But here is the one thing a number of people have asked me not to do in the second book:
swear.
The first person to comment on the swearing in book numero uno was Joan Fontaine, whom my mother met in a hardware store in Carmel, California, because Miss Fontaine has a taste for Belgian shoes—said shoes being the premier footwear fetish of my family.
Mom thought Miss Fontaine might be amused by my book, as Belgian shoes are in it. Miss Fontaine read an ARC of A Field of Darkness, but did not comment on the whole shoe thing. She basically said she thought the language in the book was appalling, which caused her not to enjoy the experience of reading it.
The flap copy on the hardcover starts out with the first three sentences of the book itself, which read as follows:
There are people who can be happy anywhere.

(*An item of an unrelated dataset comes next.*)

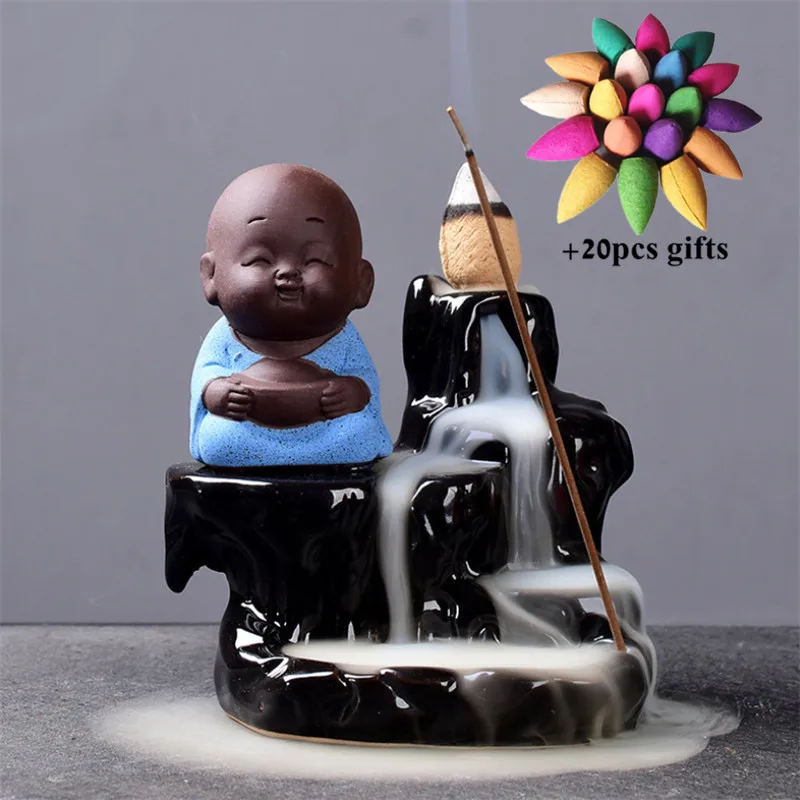 

Handmade Creative Zen Little Monk Yoga Backflow Incense Burner Smoke Waterfall Censer Home Decoration with 20Pcs Incense Cones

I am not one of them.
When the house on the next street went up in flames for the second night in a row, I wondered again what the hell I was doing in Syracuse.
Only they took out the word “hell,” in the flap copy.

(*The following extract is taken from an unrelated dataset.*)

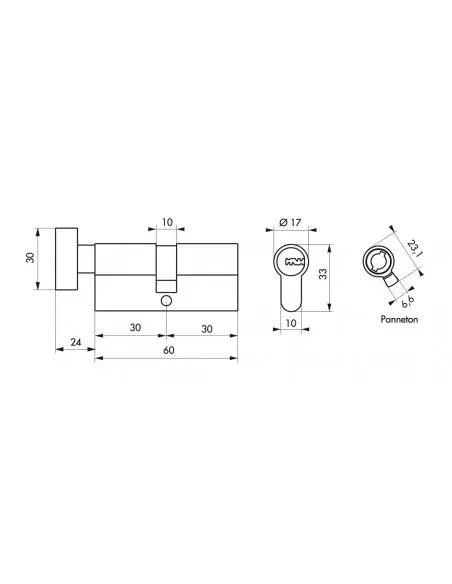 Cylindre bouton 30x30 mm 5 clés longues fonction urgence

When I got to read over the flap copy, I put the word “hell” back in.
nlikely as this may sound, my very kind editor emailed to say that they couldn’t say “hell” in the flap copy, in case anyone who read the flap copy, in, say, a bookstore, would be offended.
Considering that one of the main characters is named “Ice [insert word- that-rhymes- with-‘runt’- but-does-not-start- with-the- letter-‘R’ here],” I wondered what would happen if people offended by the word “hell” ended up actually reading the book.

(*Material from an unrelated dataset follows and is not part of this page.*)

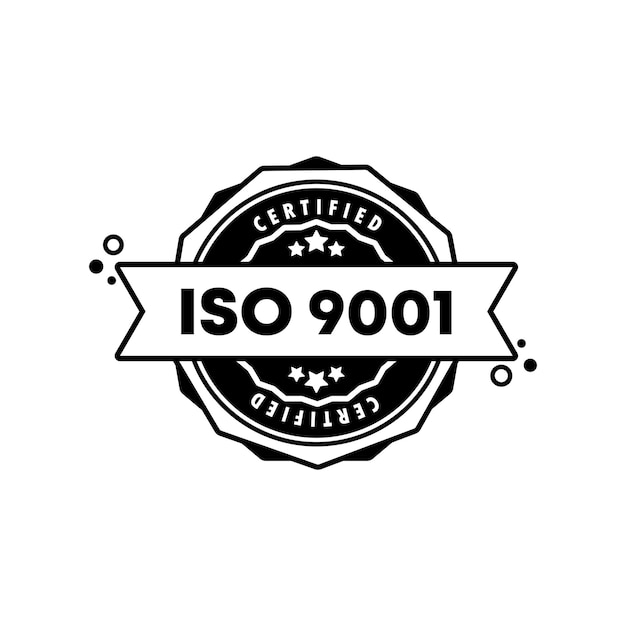 Штамп ISO 9001. Вектор. Значок значка ISO 9001. Сертифицированный значок с логотипом. Шаблон штампа. Этикетка, наклейка, значки. Вектор EPS 10. Изолированный на белой предпосылке.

Here is what happens. They write reviews on Amazon which say things like:
“The foul language, which I think is supposed to be smart, sassy, and funny, is grossly overdone and gets in the way.”
Which is a sentiment that has been repeated on DorothyL. Repeatedly.
And I'm perfectly okay with that.
Seriously.
However I would like to state here, for the record, that the foul language in my first book is not supposed to be smart, sassy, or funny. It is just supposed to be foul.
And I would also like to state, for the record, that I respect the right of anyone not to swear.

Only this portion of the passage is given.